Meng, De-Chuan, Chen, Guo-Qiang, De-Chuan Meng, Guo-Qiang Chen

Abstract

Microbial polyhydroxyalkanoates (PHA) are a family of biodegradable and biocompatible polyesters which have been extensively studied using synthetic biology and metabolic engineering methods for improving production and for widening its diversity. Synthetic biology has allowed PHA to become composition controllable random copolymers, homopolymers, and block copolymers. Recent developments showed that it is possible to establish a microbial platform for producing not only random copolymers with controllable monomers and their ratios but also structurally defined homopolymers and block copolymers. This was achieved by engineering the genome of Pseudomonas putida or Pseudomonas entomophiles to weaken the β-oxidation and in situ fatty acid synthesis pathways, so that a fatty acid fed to the bacteria maintains its original chain length and structures when incorporated into the PHA chains.

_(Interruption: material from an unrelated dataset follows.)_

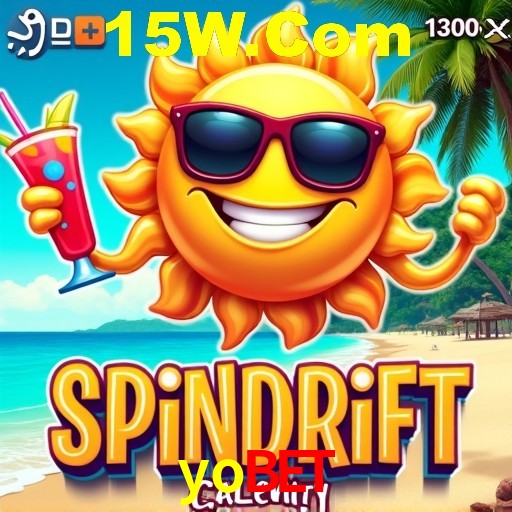Desvendando o Mundo dos Jogos Virtuais na yobet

The engineered bacterium allows functional groups in a fatty acid to be introduced into PHA, forming functional PHA, which, upon grafting, generates endless PHA variety. Recombinant Escherichia coli also succeeded in producing efficiently poly(3-hydroxypropionate) or P3HP, the strongest member of PHA. Synthesis pathways of P3HP and its copolymer P3HB3HP of 3-hydroxybutyrate and 3-hydroxypropionate were assembled respectively to allow their synthesis from glucose. CRISPRi was also successfully used to manipulate simultaneously multiple genes and control metabolic flux in E. coli to obtain a series of copolymer P3HB4HB of 3-hydroxybutyrate (3HB) and 4-hydroxybutyrate (4HB). The bacterial shapes were successfully engineered for enhanced PHA accumulation.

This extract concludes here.